Depuis que les éditions Cornélius ont entrepris de publier une anthologie (en sept volumes) de ses œuvres, on comprend mieux son importance dans le paysage de la bande dessinée japonaise moderne. Le poétique premier tome Les Fleurs rouges, publié au début de l’année, montrait – à nouveau – le goût de Tsuge pour les personnages vivant à la campagne, en retrait de la société.
Audaces stylistiques
Ce second tome va bien plus loin, d’abord dans les audaces stylistiques – images abstraites, phylactères sans texte –, à l’image de l’histoire qui donne son titre au livre. Celle-ci, parue en 1968 et semblable à un cut-up surréaliste, a gardé toute sa force révolutionnaire, même quand on la découvre au troisième millénaire.
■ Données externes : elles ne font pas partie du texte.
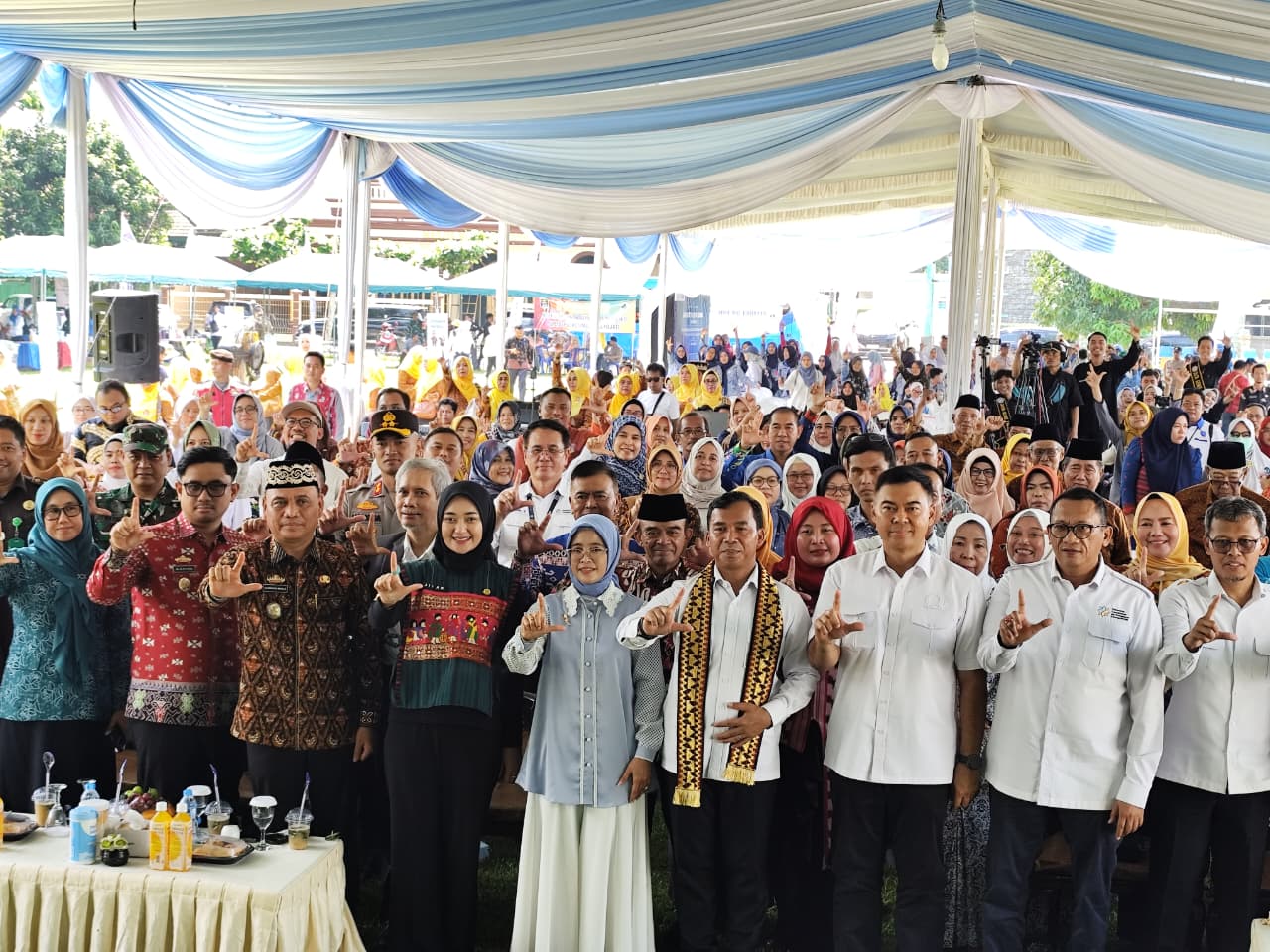 Wakil Gubernur Lampung Jihan Nurlela Dukung Program Bangga Kencana di Kota Metro untuk Mencapai Indonesia Emas 2025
Tournant le dos au pur divertissement, s’inspirant de photos, Tsuge couche sur papier des visions oniriques et angoissées que l’utilisation d’un Pantone orange rend encore plus hallucinantes.
Sombres comédies humaines
Si l’histoire suivante, “Le Patron du Gensenkan”, se révèle moins cryptique, elle prend la forme d’une inquiétante fable horrifique qui laisse pantois. Page après page, Tsuge fait sauter les verrous de la narration classique – avec un découpage épuré et des décors réduits à l’essentiel –, mais aussi les tabous.
Les protagonistes des sept nouvelles graphiques réunies, salauds ou ingénu.e.s, s’abandonnent souvent à leurs pulsions, surtout sexuelles, comme les jouets de sombres comédies humaines. Bonne nouvelle : Tsuge aura droit à sa première exposition française lors du Festival d’Angoulême, en janvier prochain.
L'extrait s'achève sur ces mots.